You're flying a ship you're not experienced enough to use effectively, in an environment you don't fully understand.
Now think, do you really want to play a game where someone inexperienced can take a "top ship" and always beat someone very experienced in a low-to-mid-level ship? Or is it better, once you take a step back, to have experience count?
This wasn't "jerks picking on noobs". You flew out to a RES to get some combat action... and found it... but it exceeded your ability to handle and survive. That's all.
Don't blame the other side of the hostility equation. That's what happens when you engage in hostilities. This time, you lost.
It's not something to pin on the other party, calling them a "jerk", just because they are a human pilot beating you instead of an NPC pilot beating you.
[edit]The reason he won the engagement wasn't because of hull upgrades. It was because he used the tools available to him in combat, and you didn't. It's not his fault you didn't.
Ok, but to be fair to the OP, there's only so far you can take the "the guy who beat you was simply doing something the game mechanics allow you to do, therefore he wasn't being a " defence.

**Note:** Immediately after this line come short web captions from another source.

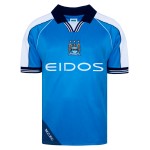 Camiseta Retro de Local Manchester City 2000 para Hombre Camiseta Retro de Local Manchester City 2000 para Hombre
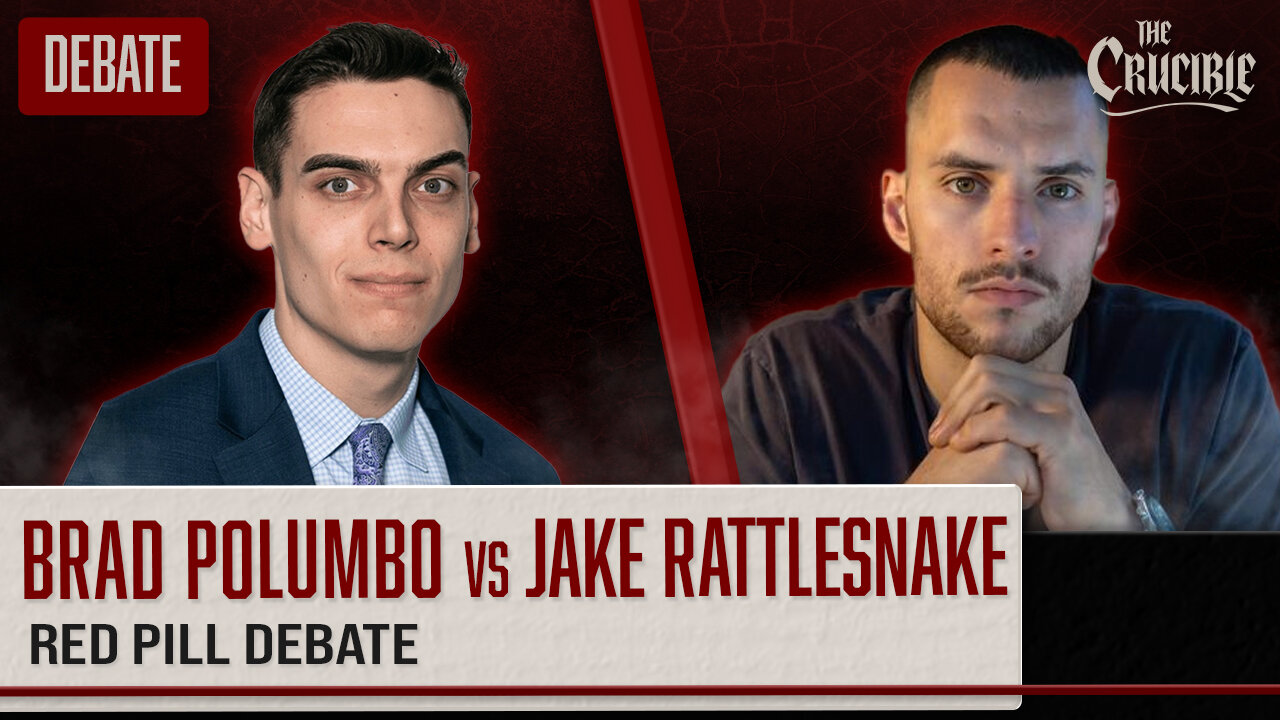 Brad Polumbo vs Jake Rattlesnake: The Redpill Debate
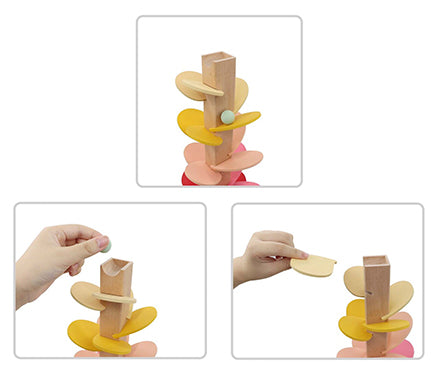 Marble Run Sound Tree - Calm & Breezy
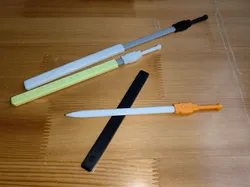 Fișiere pentru imprimante 3D | Fișier 3MF | 剑-日月神剑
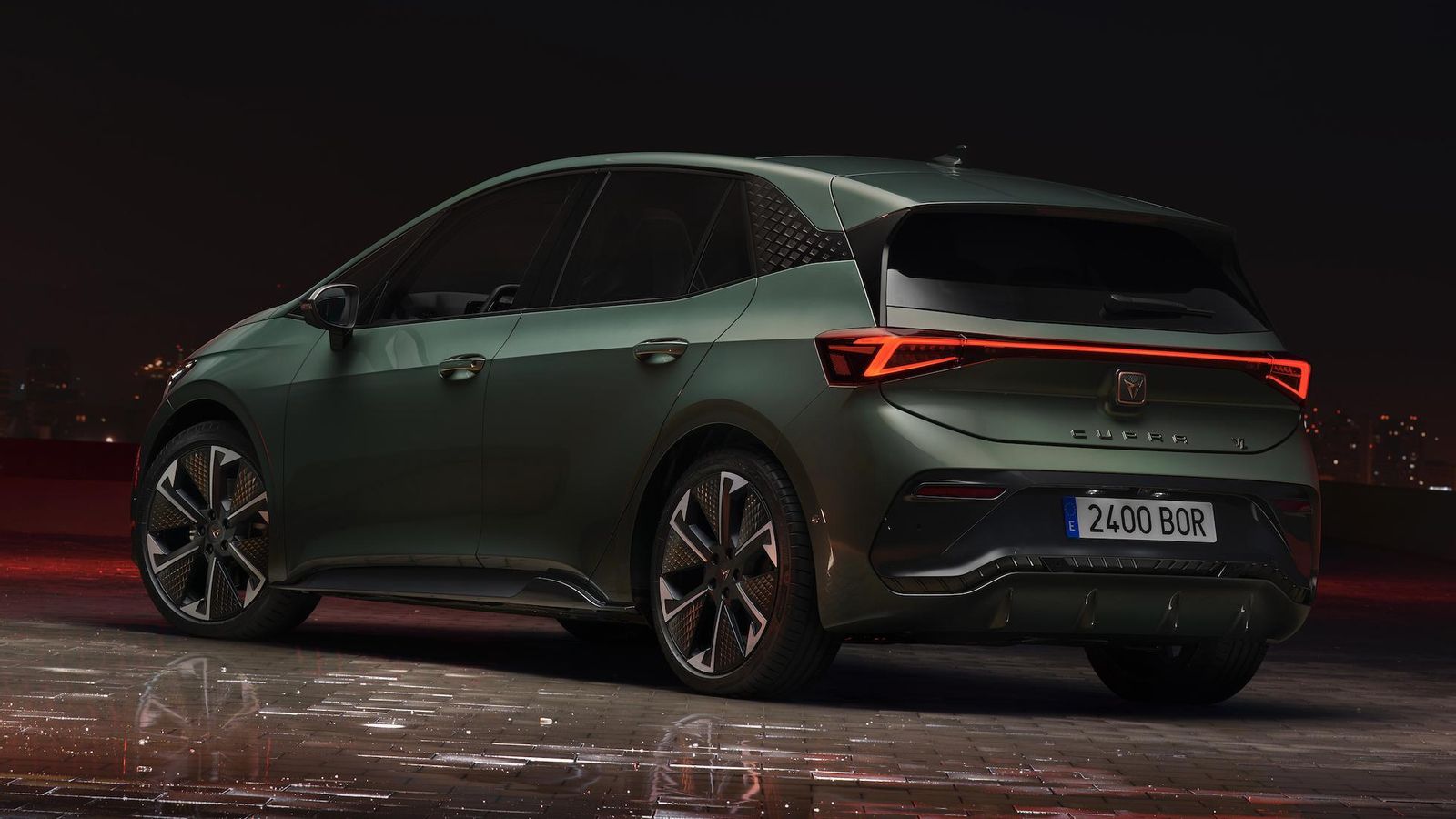 La nueva versión del Born será, con diferencia, la más potente y rápida de este compacto eléctrico.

What we're really talking about is griefing. It happens in every single shared-universe game where PvP is permitted. It's not that the guy was cheating, or exploiting. The OP's issue is that the guy was murdering people for kicks. I don't think he's really saying anyone should be prevented from doing this. I think he's just saying the law should come down hard on you. There should be consequences which make mindless killing an unattractive career choice. You either agree with that or you don't, but surely you can see the argument that unabashed griefing puts a lot of people off MMOs (and thus, Open in ED)? Not only is it frustrating to arbitrarily and unexpectedly lose a few hours (or more) of progress, but it's also pretty immersion-breaking. The fear of being killed wherever you go, for sport, is not a particularly rewarding or enjoyable sense of risk vs reward. Getting pirated on a trading run? Fair enough. Taking the risk is part of the thrill. Getting killed so someone can make youtube videos of them ganking noobs in expensive ships? Not so much.